Well well well how the turn tables. Get fucked google

[–] DGen@piefed.zip 1 points 20 minutes ago
[–] zr0@lemmy.dbzer0.com 3 points 1 hour ago

Well, to be fair, google had a copy of the whole internet long before AI was a thing.

[–] senorseco@lemmy.today 1 points 39 minutes ago

Google stole that data fair and square.

[–] sp3ctr4l@lemmy.dbzer0.com 15 points 2 hours ago

Wow, they're seriously saying this with a straight face, huh?

Oh hi Google, my name is Epic Games, and I see your recently trained a new 'AI' of yours on Fortnite.

Let me introduce you to my friend Fromsoft, who is pretty sure you uh, copied their notes from Dark Souls as well.

... How are all these people this fucking stupid?

There's no possible resolution to the paradigm of 'I can steal everything but you can't steal anything' other than total chaos.

Total chaos ain't a good standard for a legal system trying to figure out IP law.

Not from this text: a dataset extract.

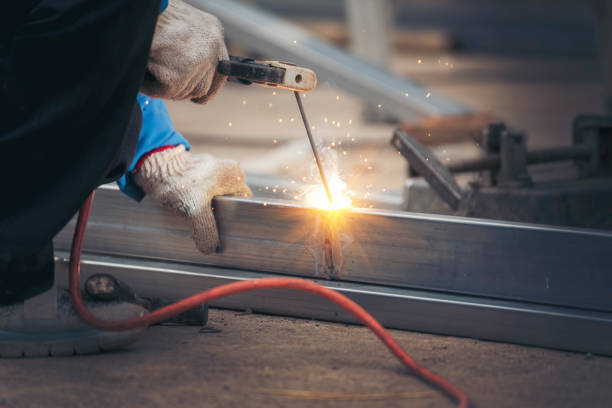 istock Men hands wear protective glove Hot flame metal work cutting fire iron workshop. Locksmith use Welding machine cut metal process. Construction Worker hands using Welding machinery iron metal sparking 2061903748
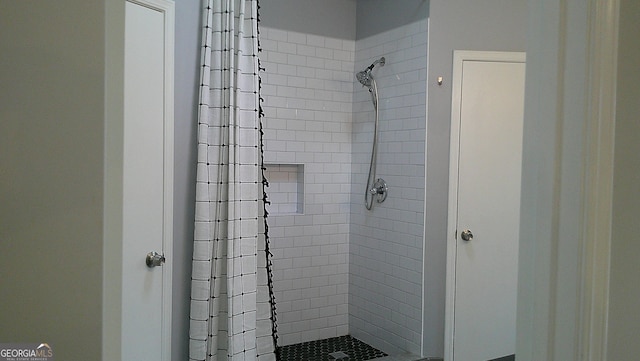 bathroom with curtained shower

This is completely ludicrous.

[–] Ghostie@lemmy.zip 6 points 2 hours ago

poor wittle google

[–] HugeNerd@lemmy.ca 2 points 1 hour ago

But I want to see AI Becky hang-gliding into a forest!

[–] RampantParanoia2365@lemmy.world 11 points 3 hours ago (1 children)

Why in the holy hell would anyone want to copy that useless garbage. Their AI is a moron.

[–] tempest@lemmy.ca 0 points 49 minutes ago

Google was hoarding data before it was cool and people were constantly giving it data in the form of Google ads.

It's actually the one company I might believe didn't scrape shit Immorally.

Im Sure they still did, it's just I think people might believe them if they lied about it.

[–] WatDabney@sopuli.xyz 112 points 6 hours ago (2 children)

Google has become a colonialist project.

First they gained access to the communsl property of the internet. Then they stole it from the original inhabitants. And now they're trying to claim a legal right to exclusive control over the property they stole.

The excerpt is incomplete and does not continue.